Defecting Communist Party-Backed Newspaper Editor Investigated For 'Leaking Secrets'


2017.02.16
china-longzhenyang-feb162017.jpg Former Commercial Daily editor Long Zhenyang is shown in an undated photo.
Photo courtesy of Long Zhenyang

Long Zhenyang, a former editor of a Hong Kong newspaper backed by the ruling Chinese Communist Party, has fled the city and is seeking asylum in the United States, citing political persecution after he showed support for the former British colony's 2014 pro-democracy movement.

Long, 47, handed in his resignation as assistant editor-in-chief of the Commercial Daily, one of a trio of Beijing-backed newspapers in the Chinese-controlled territory, after being placed under "political measures" for more than a year.

He then traveled with his family without any media fanfare to the United States, where he is applying for political asylum.

Now, his former employer has launched a criminal investigation into his departure, accusing him of "leaking" confidential information about behind-the-scenes meetings with the governor of Guangdong province, Ma Xingrui.

"I have heard through various channels that [my former employers] are going to initiate a criminal investigation, accusing me of leaking secrets," Long told RFA.

"This means they are saying that I disclosed details about the Hong Kong operations of a newspaper controlled by the Communist Party."

Long said his secret filming of a meeting between the paper's bosses and Ma Xingrui was among the allegations against him.

Political control

Long said his defection has likely rankled with the government, because it revealed how directly Beijing wields political control over some Hong Kong newspapers, including via its representative office in the former British colony.

"I was saying that the Central Government Liaison office was directly interfering [in the daily operation of the paper]," he said.

"From their point of view, all those things are secrets, even though they're the worst-kept secrets. We are all supposed to act like we don't know about them," Long said.

Long said investigators had been to his daughter's high school to talk to her teachers and some of the other parents, and will likely probe how he was able to get the funds raised by selling his apartment in the southern Chinese city of Shenzhen, which borders Hong Kong, out of China without raising suspicions.

"My daughter is at high school in Shenzhen, and they've even been there," he said. "The Chinese Communist Party uses such methods, so if you leave behind close relatives, they'll be in trouble."

"I expect they'll also be looking at how the money left the country," he said. "Actually I took it out via Hong Kong; it was more than the maximum amount [for overseas transfers]."

After Long's defection became apparent, the Commercial Daily issued a notice of termination of his post, dated Jan. 13.

An employee who answered the phone at the Commercial Daily's personnel department said the paper is currently "dealing with" Long's departure, but declined to comment further.

'The wrong number'

Long's former boss and Communist Party official Chen Yin said he had been let go due to absenteeism.

"You've got the wrong number; he's no longer one of our people," Chen said. "He was removed from the payroll, he resigned."
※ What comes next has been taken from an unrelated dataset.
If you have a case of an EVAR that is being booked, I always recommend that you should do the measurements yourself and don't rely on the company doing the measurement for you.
"He was absent for a long time, said he was sick, but he was malingering," Chen said. "It is totally legal to fire him under labor law; he's just talking rubbish about seeking political asylum to capitalize on the whole thing."
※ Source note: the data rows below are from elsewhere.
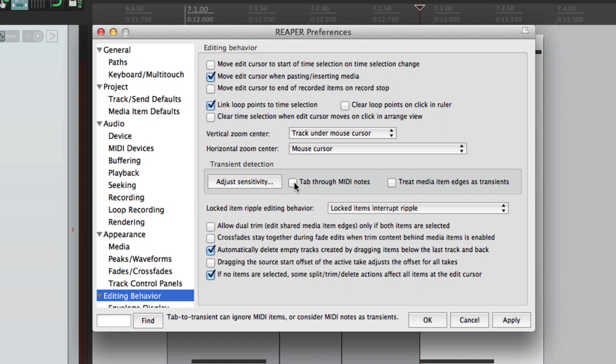So that's the end of part two. Let's move on to part three, where we check out how locked items affect ripple editing behavior. Let's go.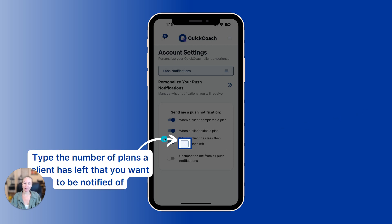Now, on this bottom option, you have the ability to type in a number. So when a client has less than however many plans left, you want to be notified. For example, if you put in three plans left, you will be notified when a client has three plans left, two, one, and no plans left.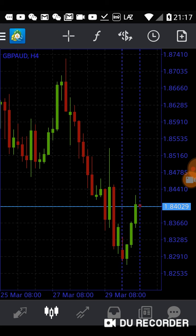Because this is the 4-hour chart, one daily candle equals six bars, meaning two to three days. So this currency pair dropped 400 pips in two to three days.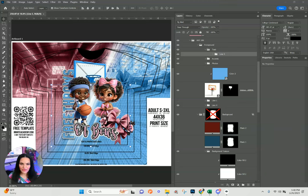What's up my loves and fellow creatives — we're going to get right into this five-minute template flip today. We're working on a gender reveal theme, but this can also be used as a sports versus theme, so let me show you how easy it is to change this out.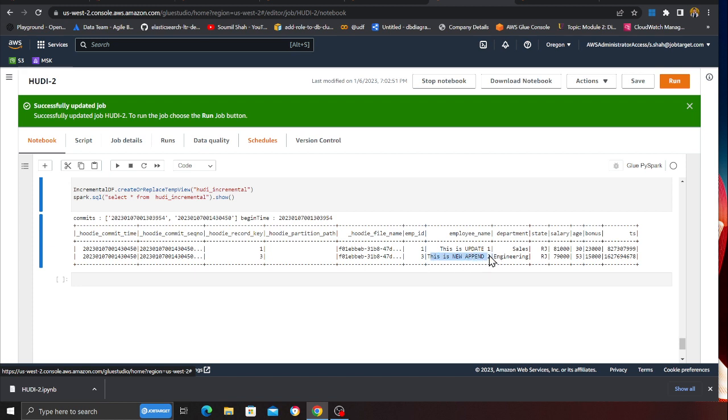We are getting incremental data now. Using this approach you can run jobs on a cron and essentially process data. If your data loaders are loading data into Hudi tables, you can incrementally process the data and load it into other sources or destinations as needed. Thank you so much for watching — all the code and resources can be found in the GitHub section below. Thank you and I'll see you in the next video.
"It's not very probable [that he was politically persecuted]," he said.

In an earlier interview, Long told RFA he had been planning his move for "a couple of years" owing to a worsening political climate in Hong Kong.

"Things that never used to happen in Hong Kong have started happening ... including self-censorship by the Hong Kong media," he said. "There is also increasing control, and increasingly open control, of the pro-Beijing media in Hong Kong."

"I think it's getting more and more dangerous for any media within the [ruling Chinese Communist Party] system to say anything critical of the government," Long said.

He said he had been "marginalized" in the year before his departure, and told to do nothing.

"But they didn't have any good reason for getting rid of me, so they just made me uncomfortable," he said. "I was originally in charge of an in-depth reporting team ... but later they just told me I wasn't needed any more."

Democracy, religion

He dated his treatment at work back to his publicly expressed support for the 2014 Occupy Central pro-democracy movement, and opposition to the forced removal of crosses from Christian churches in the eastern Chinese province of Zhejiang.

"I thought [the cross-removal campaign] was an ill-mannered attack on a religious group that hasn't been seen in China since reforms and opening up began [in the 1980s]," he said.

"I got several warnings ... after that, I wasn't trusted any more."

Long said he had to plan his departure carefully. "The controls on your passport are pretty strict, when it comes to leaving the country," he told RFA.

He only later wrote a resignation letter in response to a request from the Commercial Daily, who needed some kind of formal documentation to show their bosses, he said.

"I am a democrat by nature, and a patriot, and I always wanted the best for my country," he said. "In the process of trying to get there ... I found God, I found Jesus ... in them I found the answer to all of China's problems."

Reported by Wong Siu-san and Lam Kwok-lap for RFA's Cantonese Service, and by Zhu Dan for the Mandarin Service. Translated and written in English by Luisetta Mudie.